東京都で、自動運転の実装に向けた社会受容性向上に寄与する取り組みに対しての新たな支援がスタートした。
幅広い世代に向けて、自動運転に関する体験や学びの機会を提供する取り組みなどの実施に必要な経費として、最大1,000万円を補助するというものだ。2024年4月1日から先着順で申請を受け付け、予算額に達した時点で申請受付を終了するという。
自動運転の本格的な社会実装に向けて、東京都がますます本気を出してきた。
▼自動運転の実装に向けた社会受容性向上に資する取組に対して新たに支援を開始します!

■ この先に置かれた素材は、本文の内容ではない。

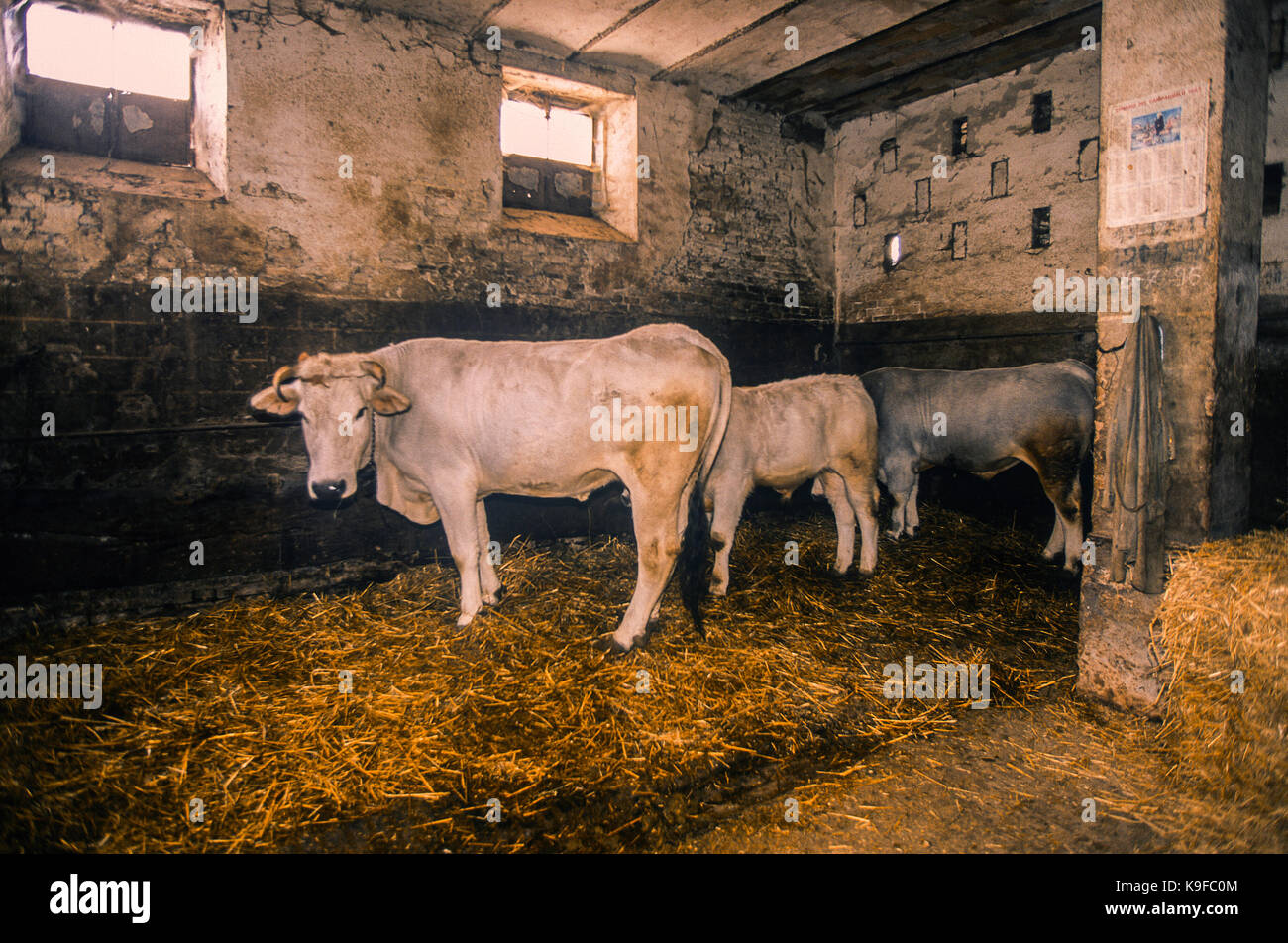Italien Marken Colonic House - Kühe im Stall Stockfoto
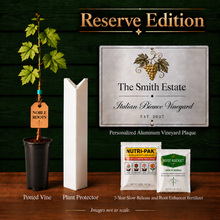 Italian Bianco Reserve Edition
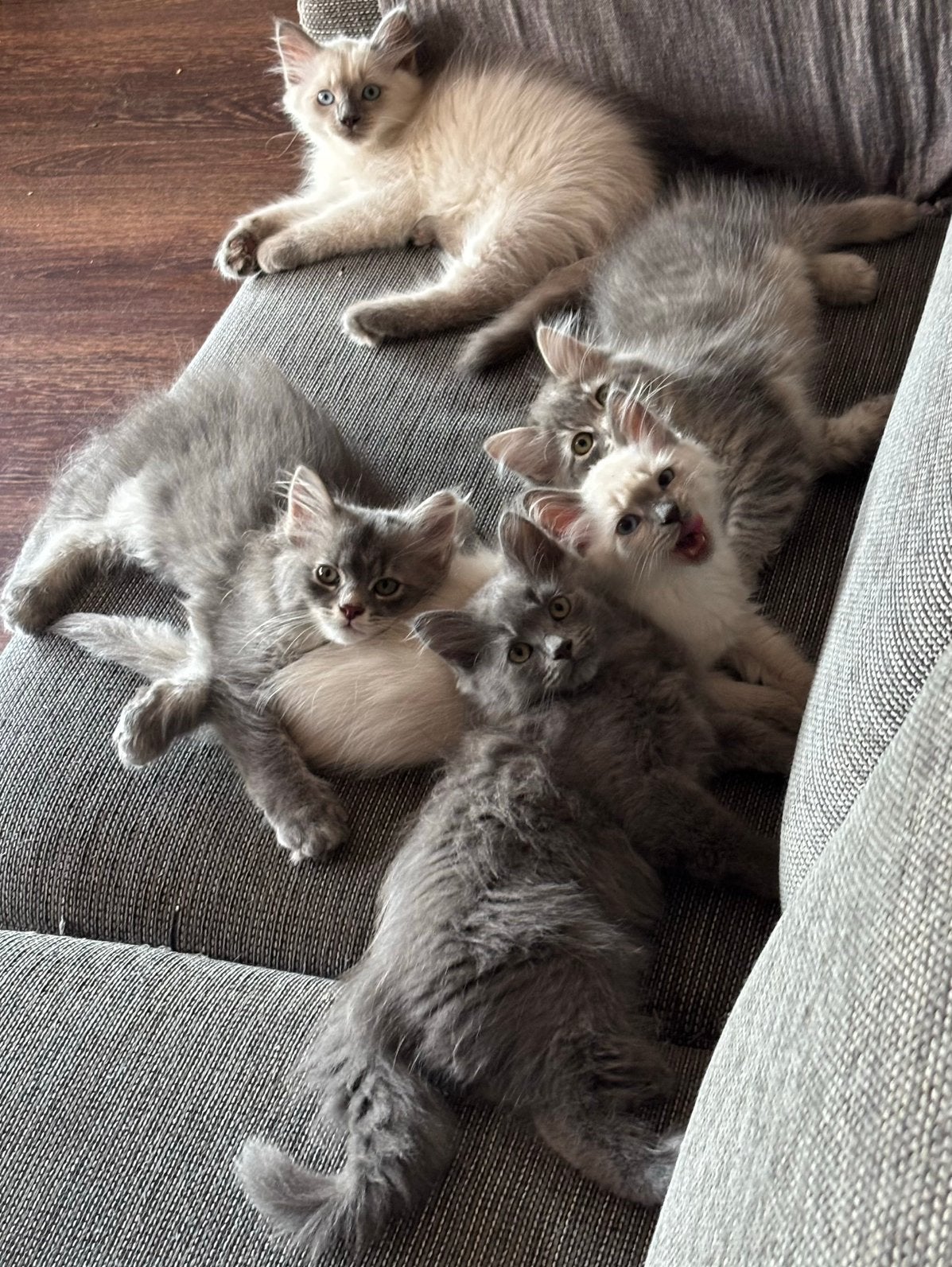 Siberische boskat kittens zoeken een nieuw thuis, Meerdere dieren, Ingeënt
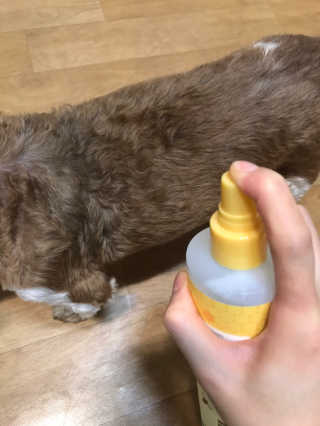 기나긴님이 올린 리뷰 사진 2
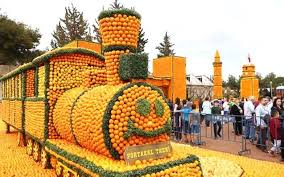 Festival Turları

https://www.metro.tokyo.lg.jp/tosei/hodohappyo/press/2024/03/29/06.html
■レベル4実現のための事業がスタート
東京都は2024年度から、「自動運転の実装に向けた社会受容性向上支援事業」を新たに開始した。東京における自動運転レベル4などの先進モビリティサービスの実現・普及を図るための施策だ。
都市への自動運転の実装を進めていくためには、安全性の確保のほか「自動運転とは何か」といった基本的な理解促進をはじめ、利便性や自動運転がもたらすメリットなどについて、地域住民の理解を深めることが重要になってくる。
そこで、2024年度に自動運転の実装を目指す事業者などが、社会受容性の向上に関する取り組みなどを実施する場合、必要な経費を補助する。
【参考】関連記事としては「自動運転レベル4とは?車種一覧、市販車はある?いつ実用化?」も参照。
■1,000万円を限度に補助
補助金の交付対象となる事業は、下記の項目全てに該当する必要がある。
- 自動運転、自動運転化技術などが都民等(都民及び東京への来訪者)の理解を得て受け入れられることを目的とする事業であること。
- 推進区域を含む都内で、都民等向けに幅広く実施する事業であること。
- 自動運転車両の試乗、展示会など、体験・参加・学習型の事業であることとし、実施に際し、来場者への利用意向調査など、社会受容性の向上に向けた施策に活かす取組を内包する事業であること。
- 事業の効果が広範に及ぶこと。
- 収益を目的とした事業でないこと。
- 政治活動又は宗教活動を目的としない事業であること。
- 公序良俗に違反しない事業であること。
補助対象者は、レベル4などの自動運転の実装を目指し、ソフトウェアや自動運転車両などを開発、または運行事業を予定している事業者・団体などだ。企業でなく、区市町村が申請することも可能だという。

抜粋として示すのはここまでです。